I was doing some reading this morning and was thinking about defined benefit vs. defined contribution plans and trying to find some actual numbers from a source which would know what they were talking about to show some real numbers behind which decision people should make.

The article I turned to first was from Forbes, which is in my view is a fairly reliable magazine for financial issues. The first yellow flag was a lack of charts plotting how fast someone’s investment would grow, and not showing their work regarding inflation. As I read through I found a glaring error.

The article assumed that someone would only deposit 8% of their income from a match from the employer. But employer matching contributions only occur if you have already contributed that much from your salary. It is usually a dollar for dollar match to your contribution for your retirement.

Now, if you were only contributing 4% of your salary (accounting for inflation of course) then the numbers in the article were correct, and you would only end up with $22,000 of retirement income in 25 years (the short time frame this article was based on) which is clearly not enough. This is not what the article stated however, and only depositing 4% of your income in retirement is a terrible decision.

The golden rule of thumb for savings is simple. You should save for retirement as early as you can, diversify across many industries, and invest as much as you can every year. Contributing only 4% of your salary to your retirement plan is utterly foolish, especially if you have paid down your debt and have a Home Equity Line of Credit on your home.

Once we readjust their assumption that you are only depositing 8% of your income in total in your retirement plan, and account for inflation, continuing their 5% after inflation investment rate (which is approximately the 8% market rate of the S&P 500 times 2% inflation), you will end up with $749,529 in today’s dollars, or $1.2 million without adjusting for inflation, which will provide you with $58,000 of income in today’s dollars. This is almost double what you would receive from the annuity they are using as a comparison. This is also only after working for 25 years.

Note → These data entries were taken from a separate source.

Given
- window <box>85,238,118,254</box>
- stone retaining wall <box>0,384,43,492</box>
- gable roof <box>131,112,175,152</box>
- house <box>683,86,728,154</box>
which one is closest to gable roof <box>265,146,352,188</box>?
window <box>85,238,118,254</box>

The article was written to make it look like a hard decision, but in reality, every defined benefit plan I have ever looked at has come in far short of a defined contribution plan, even before accounting for accidents which can occur, ending your life, making defined benefit plans disappear, unlike defined contribution plans which are inheritable upon your death. I have yet to find a traditional pension plan which performs well in comparison.

No matter what age you pass away, the plan with a balance will always win, whether you die at 70 or 100.

Be careful about the media you read, it can really mislead you if you don’t read carefully. Even fairly well reputed magazines can sometimes make glaring errors.